PE formation from malignancies is a multifactorial process and can also be caused by treatment modalities, especially radiotherapy treatment, direct proliferation of the tumor in the pericardium, hematogenous or lymphatic pericardial spread, or processes such as uremia or thrombocytopenia [27]. Similar to reports to the literature, lung cancer was detected as the most frequent malignancy in our study. All of the lung cancer cases were adenocarcinoma. This finding is consistent with previous studies in the literature.

Mesothelioma is a malignancy originating from the epithelial cells of the mesothelium. Primary malignant pericardial mesotheliomas are very rare, and their incidence is 0.0022% [28]. It commonly affects men and develops in the fifth and seventh decades of life [29]. Primary malignant pericardial mesotheliomas make up 0.7% of all mesotheliomas, and primary malignant pericardial mesothelioma is the most common cause of primary pericardial tumors, accounting for nearly half of them [30]. Four patients were found to have mesothelioma in our study. This higher rate compared with the literature can be attributed to asbestos, which is still widely used in our country.
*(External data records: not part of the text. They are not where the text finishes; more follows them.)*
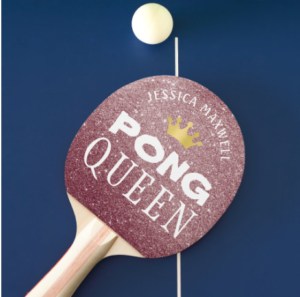 PING PONG QUEEN Personalized Rose Gold Glitter Ping Pong Paddle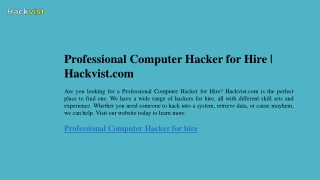 Professional Computer Hacker for Hire  Hackvist.com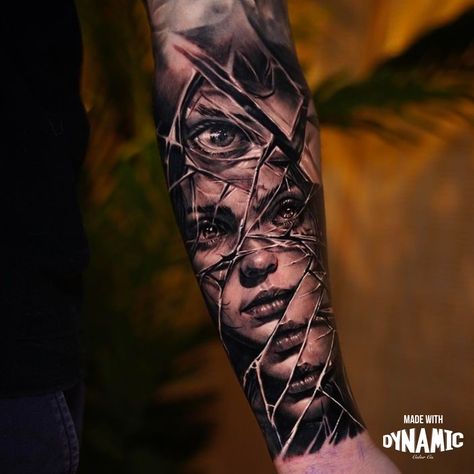 Artist on Instagram: @bradleytattoo  Shop now:⁠ www.dynamiccolor.com Surrealism Tattoos, Black And Grey Tattoos Sleeve, Game Of Thrones Tattoo, Face Tattoos For Women, Medusa Tattoo Design, Inner Arm Tattoo, Evil Tattoos, Lady Face, Full Back Tattoos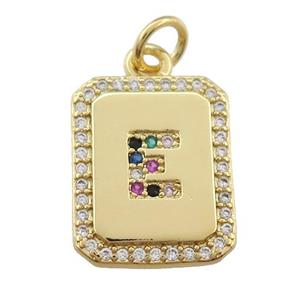 copper Letter-E pendant paved zircon, rectangle, gold plated, approx 12-15mm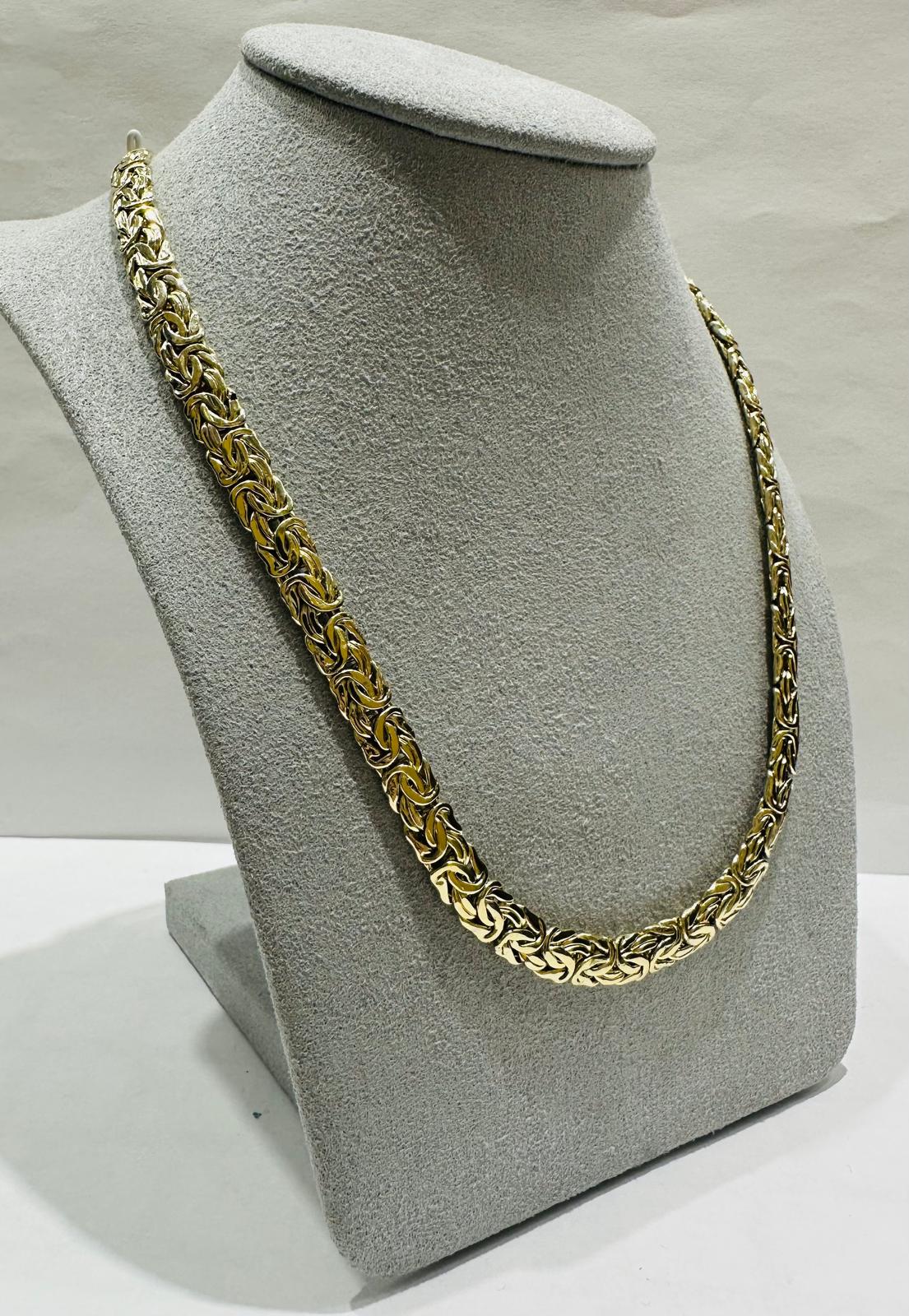 10K GOLD BYZANTINE LINK CHAIN NECKLACE- WEIGHT: 16.1gm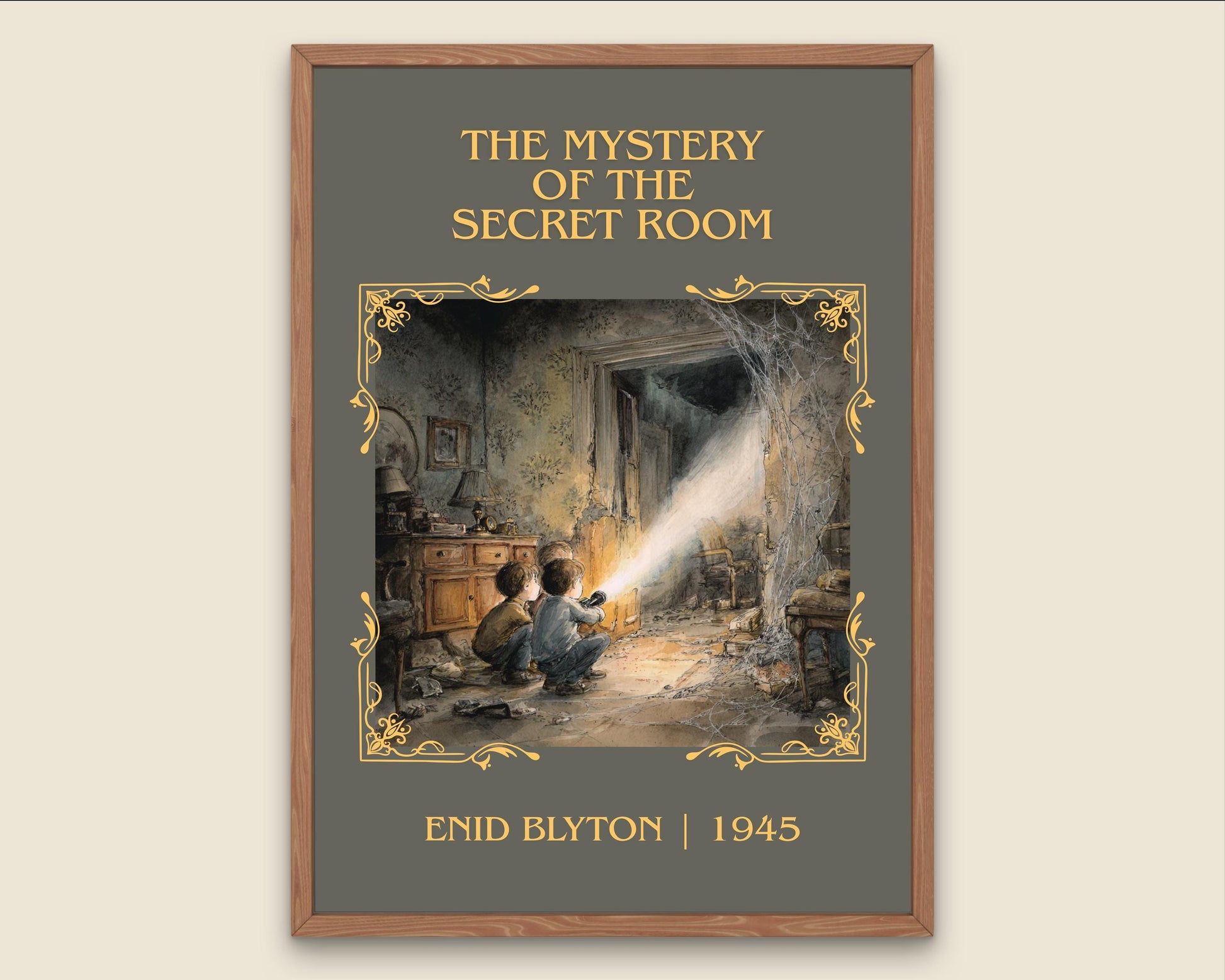The Mystery Of The Secret Room by Enid Blyton High Quality Poster Print.Free Delivery Wall Art. Author Book Nook Minimalist Gift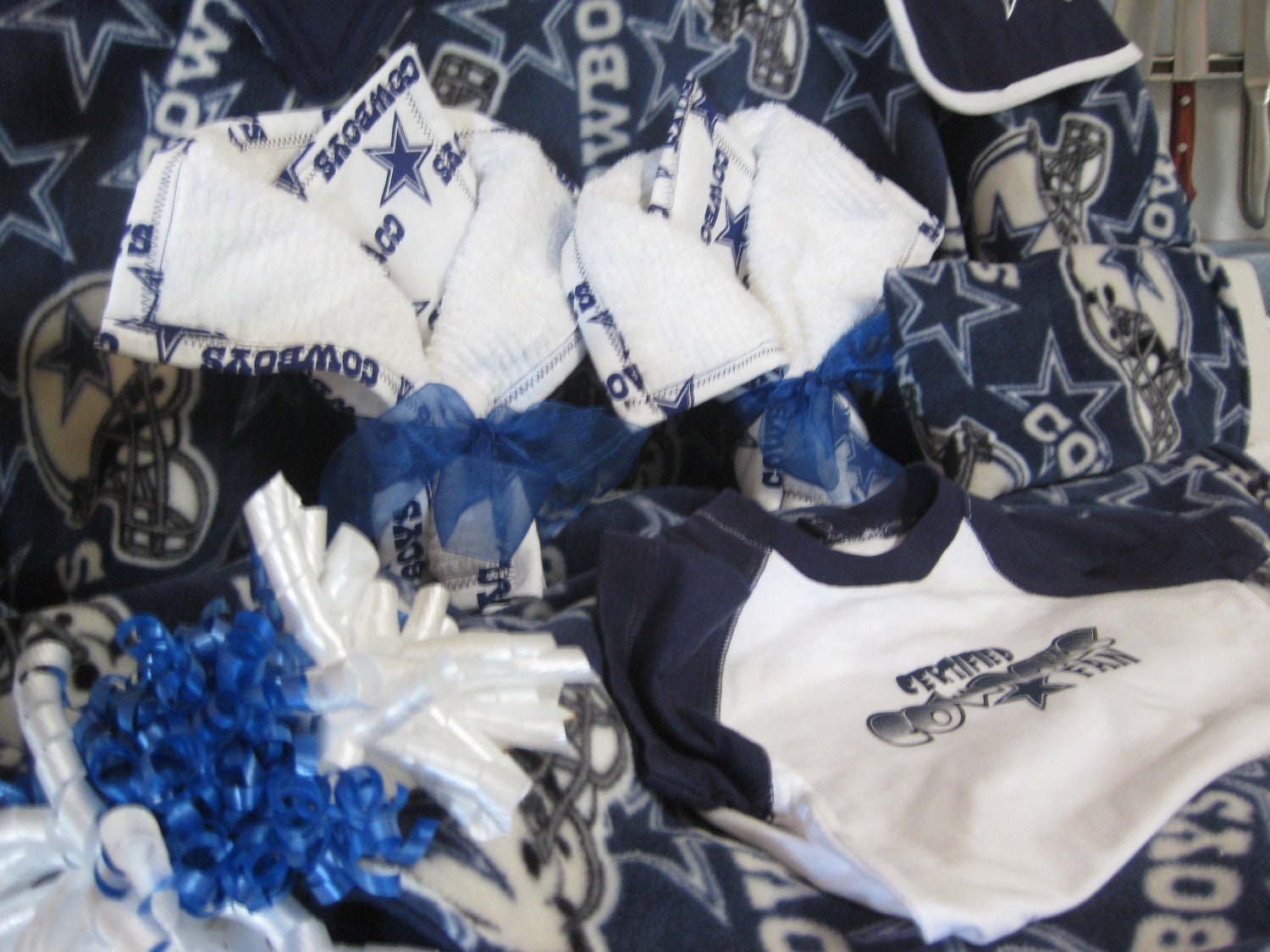 Dallas Cowboy Baby Gift Basket Blanket Burping Cloth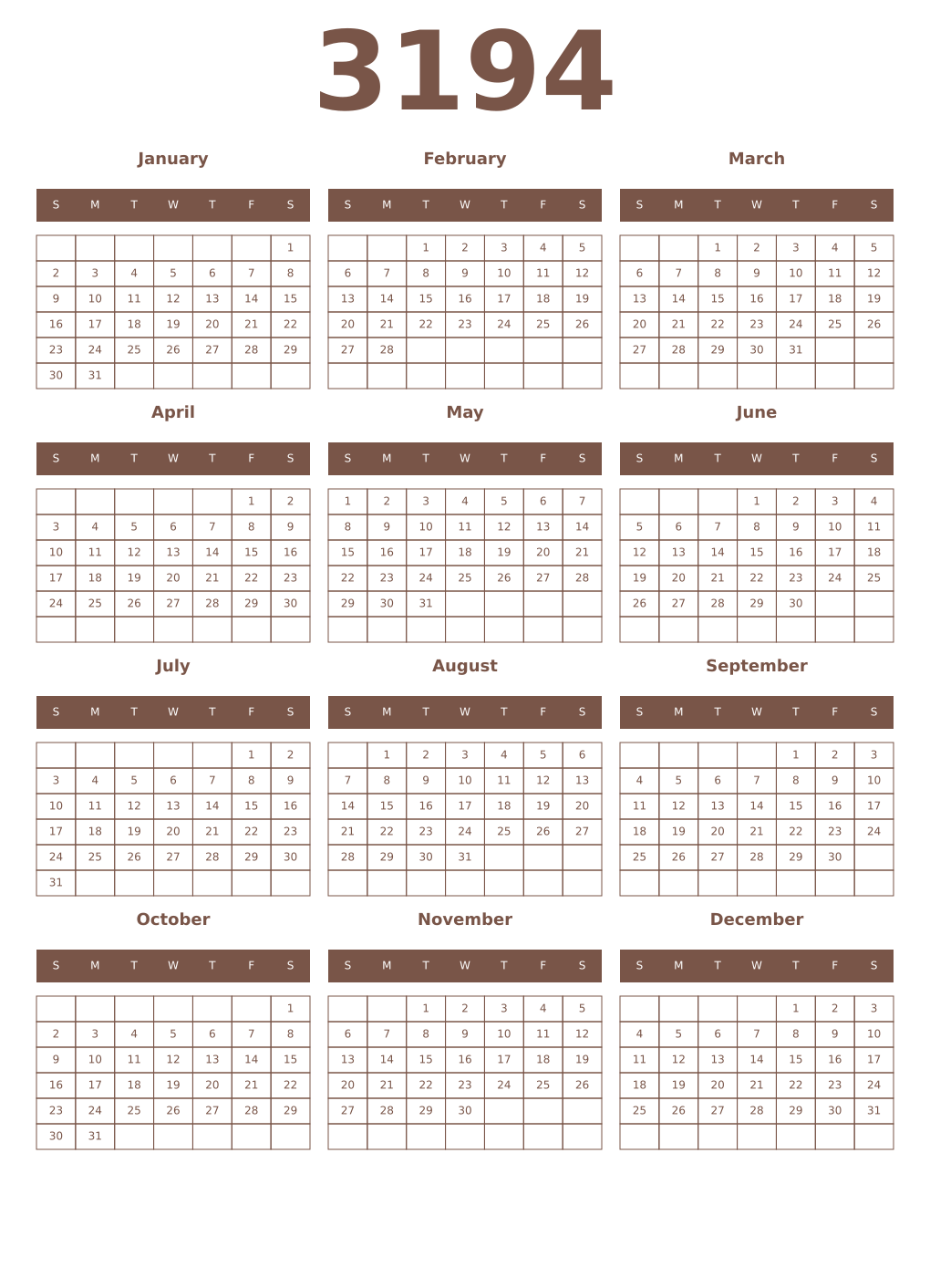 Printable 3194 Year Calendars coffe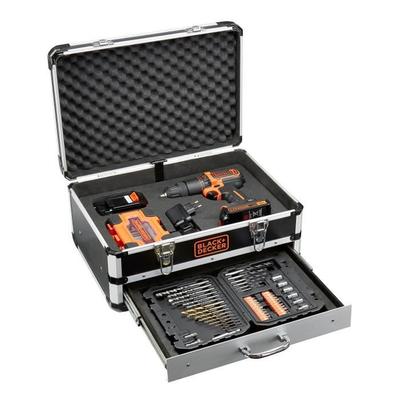 Аккумуляторный ударный шуруповерт - 18В - BLACK+DECKER - BDC718AS2F-QW - 2 аккумулятора - зарядное устройство - кейс + 80 аксессуаров
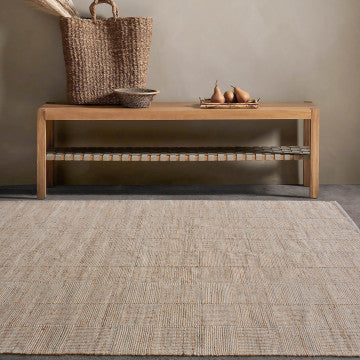 Tappeto in lana e juta beige 160x230 cm, spessore 1 cm, peso 4,4 kg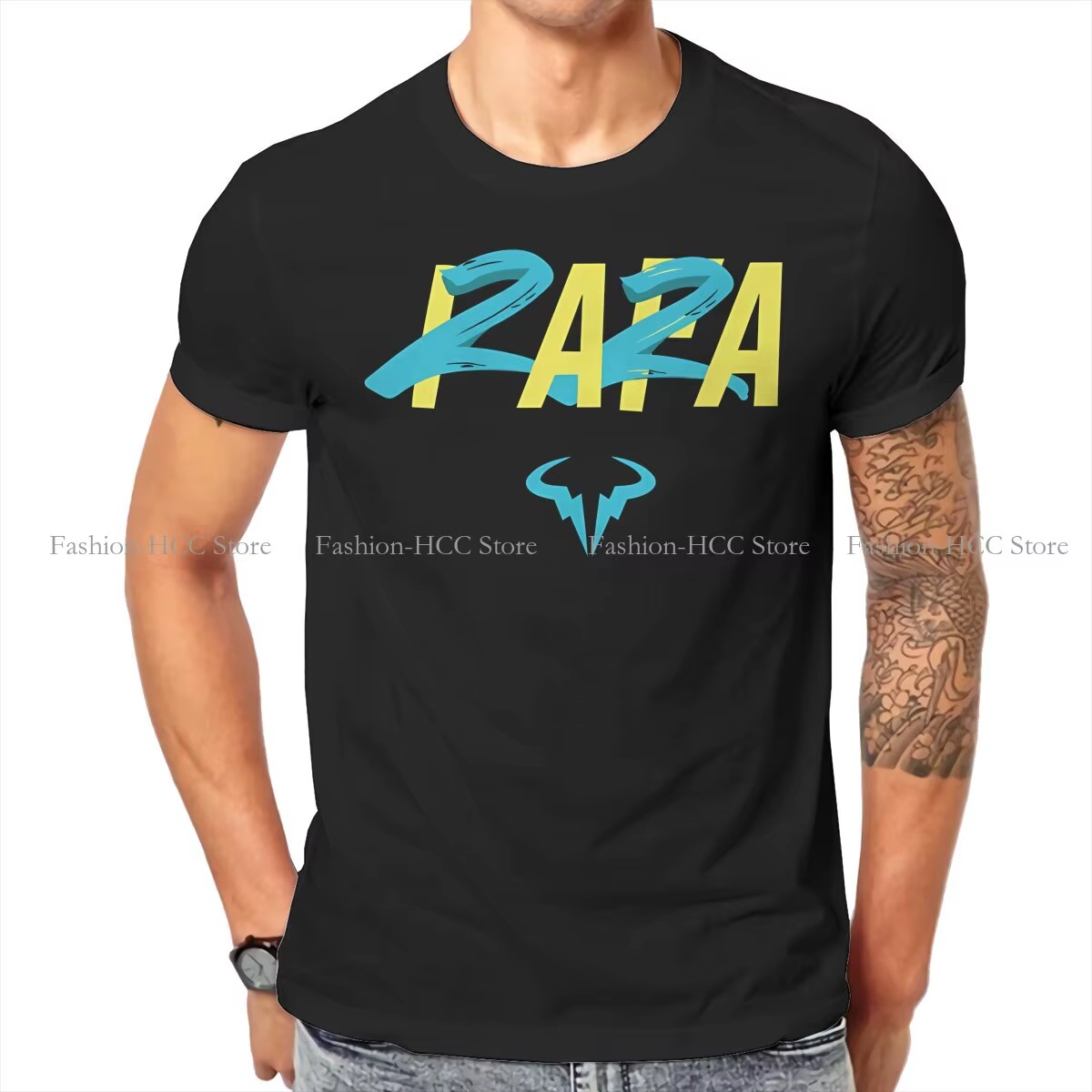 Rafa 22 bleu jaune col rond t-shirt Rafael Nadal tissu classique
Patients with hemorrhagic PE are more likely to have malignancy as the etiologic cause compared with those with serous PE. In a study conducted by Meyers et al. of 175 patients, it was found that PE was hemorrhagic in 80% of patients with malignancy and this was statistically significant [31]. In another study by Colombo et al., it was found that neoplasia (36%), idiopathic pericarditis (32%), and uremia (20%) were the most frequent etiological causes in 25 patients with severe PE, and all cases of PE in the neoplastic group were hemorrhagic [32]. In a study conducted by Zayas et al. of 100 patients with acute pericarditis, 27 patients underwent pericardiocentesis, and benign causes were significantly higher in the serous pericardial fluid group [33]. In line with the literature, we also found that the malignancy rate was significantly higher in the hemorrhagic group than in the serous group.

Limitations

The main limitation of our study is that it is single-center study and was not carried out as a randomized and prospective study. The absence of clinical characteristics and follow-up data of the patients are other limiting factors.

Conclusion

In our study, benign PE was the most frequent cytological diagnosis of PE. Chronic nonspecific pericarditis was detected as the most frequent type of pericarditis in the benign group. Lung adenocarcinoma was the most frequently detected malignancy in the malignant PE group. The rate of malignancy was significantly higher in the hemorrhagic group than in the serous group. Cytological investigation cannot alone determine the primary origin of a tumor in patients with malignant PE. In the stetting of malignant PE, a multidisciplinary team involving cardiologists, oncologists, radiologists, and possibly gynecologists is essential for an early diagnosis and for appropriate management.